Personal information
- Full name: Charles Jordan Amini
- Born: 14 April 1992 (age 34) Port Moresby, Papua New Guinea
- Batting: Left-handed
- Bowling: Right-arm leg break
- Role: All rounder
- Relations: Kune Amini (mother) Chris Amini (brother)

International information
- National side: Papua New Guinea (2014-2026);
- ODI debut (cap 1): 8 November 2014 v Hong Kong
- Last ODI: 5 April 2023 v Canada
- T20I debut (cap 1): 15 July 2015 v Ireland
- Last T20I: 21 September 2023 v Hong Kong

Career statistics
| Competition | ODI | T20I | FC | LA |
| Matches | 49 | 40 | 2 | 68 |
| Runs scored | 1,128 | 681 | 39 | 1,365 |
| Batting average | 23.50 | 21.96 | 9.75 | 21.66 |
| 100s/50s | 1/7 | 0/3 | 0/0 | 1/7 |
| Top score | 109 | 62 | 19 | 109 |
| Balls bowled | 1706 | 628 | 42 | 2,408 |
| Wickets | 32 | 29 | 0 | 53 |
| Bowling average | 43.06 | 24.65 | – | 35.09 |
| 5 wickets in innings | 0 | 0 | – | 1 |
| 10 wickets in match | 0 | 0 | – | 0 |
| Best bowling | 4/27 | 2/13 | – | 6/19 |
| Catches/stumpings | 21/– | 9/– | 3/– | 23/– |

Medal record
Representing Papua New Guinea
Men's Cricket
Pacific Games
| Gold medal – first place | 2019 Apia | Twenty20 International |
- Source: ESPNcricinfo, 21 September 2023

= Charles Amini =

Papua New Guinean cricketer

Charles Jordan Alewa Amini, also known as CJ Amini, (born 14 April 1992) is a former Papua New Guinea cricketer. He is the son of Kune Amini and brother of Chris Amini, who both have also represented PNG.

==Playing career==
Charles led Papua New Guinea's successful campaign in the ICC East Asia-Pacific Under-15 Cricket 8's in 2006/07.
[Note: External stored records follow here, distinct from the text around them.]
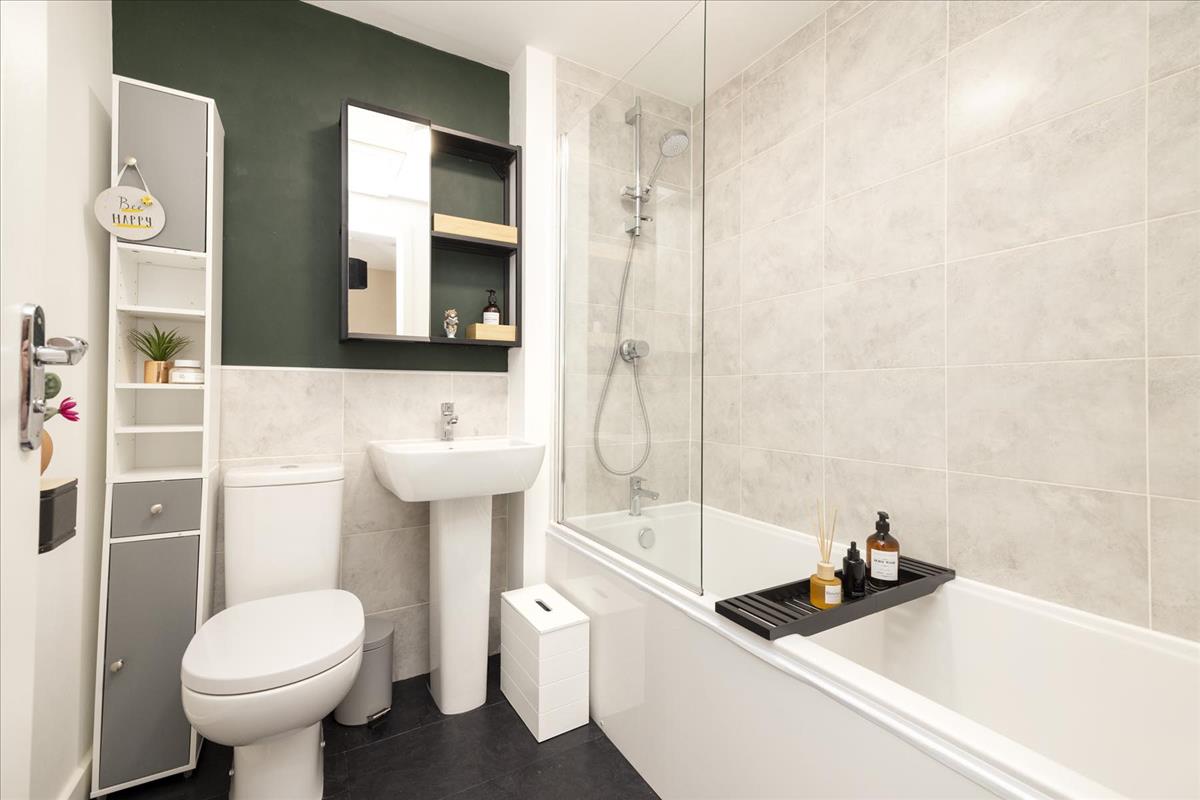 Property Image 280125e8-dd20-4bff-b939-2f623456af6b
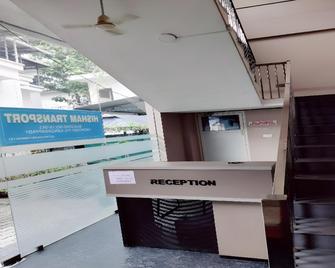 Lemer Suites - Kochi - Front desk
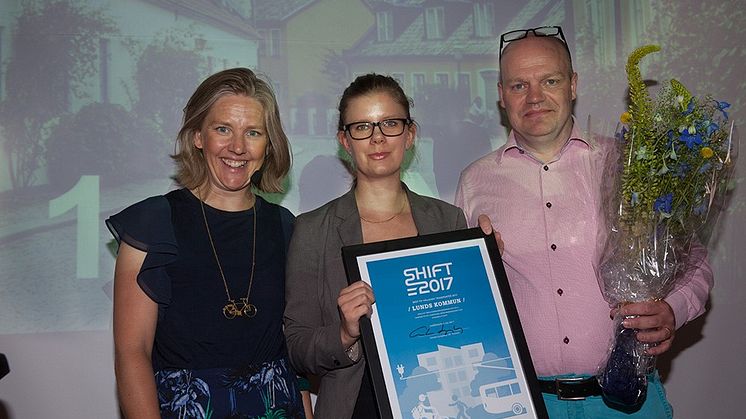 Miljöminister Karolina Skog delar ut pris för SHIFT2017 till Emma Berginger (MP) och Anders Almgren (S), Lunds kommun.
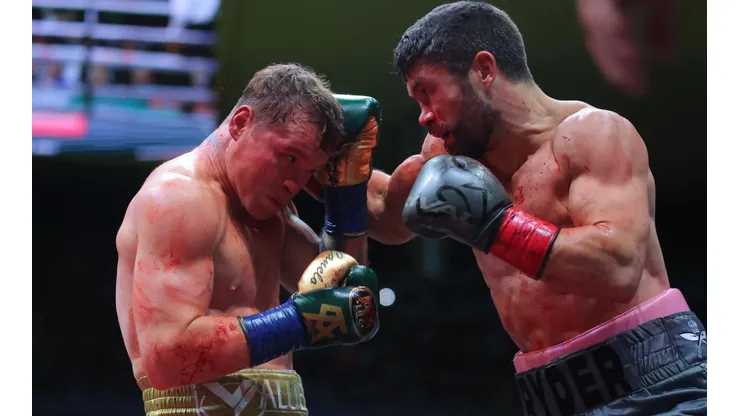Canelo Álvarez vs. John Ryder por los Títulos Mundiales Unificados del CMB.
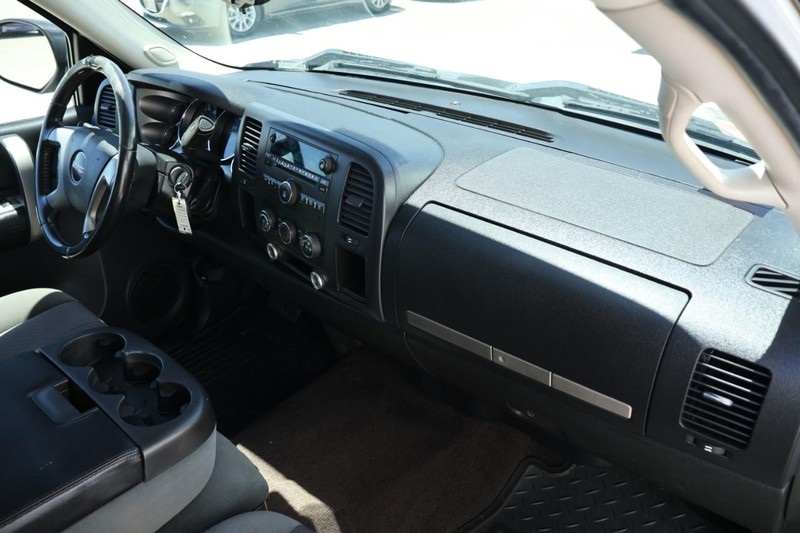 2009 Gmc Sierra SLE photo 20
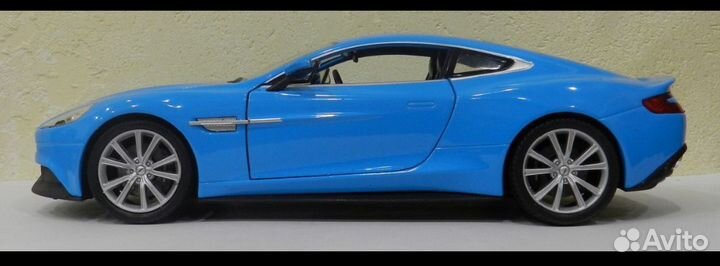 Aston Martin Vanquish 2012, 1:24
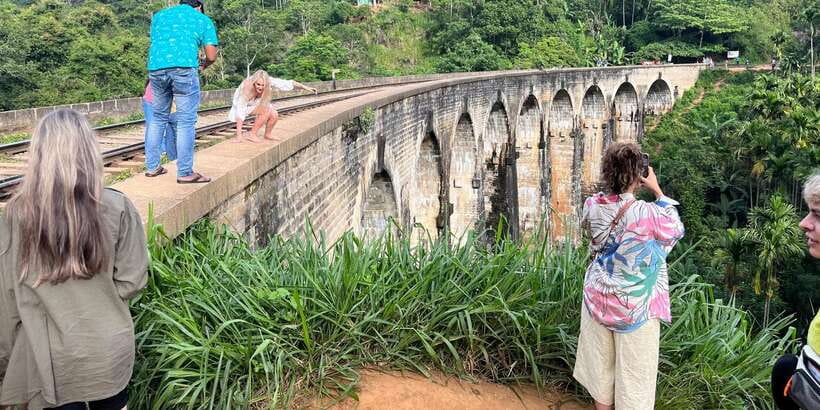From Nuwara Eliya: Ella City Tour with Little Adam's Peak - Little Adam’s Peak: a short climb with a big payoff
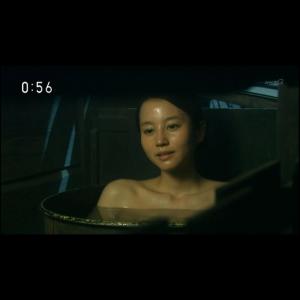 朝ドラで堀北真希が入浴シーンで半裸を晒すwww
He was part of the squad in the Under-19 Cricket World Cup in Malaysia in 2008, and took eight wickets in the Qualifiers for the Under-19 Cricket World Cup in New Zealand in 2010. Amini made his Twenty20 debut level for Papua New Guinea in November 2013.

In December 2013, he signed a rookie contract with the Sydney Sixers for the 2013–14 Big Bash League season.

In January 2014, he dismissed Uganda's top five batsmen and eventually finished with career best figures of 6 for 19 in 10 overs as Uganda lost 10 for 52 to be all out for 105 in 35.5 overs during the ICC Cricket World Cup Qualifiers at Pukekura Park, New Plymouth.

He made his One Day International debut on 8 November 2014 against Hong Kong in Australia. He made his Twenty20 International debut against Ireland during the 2015 ICC World Twenty20 Qualifier tournament on 15 July 2015.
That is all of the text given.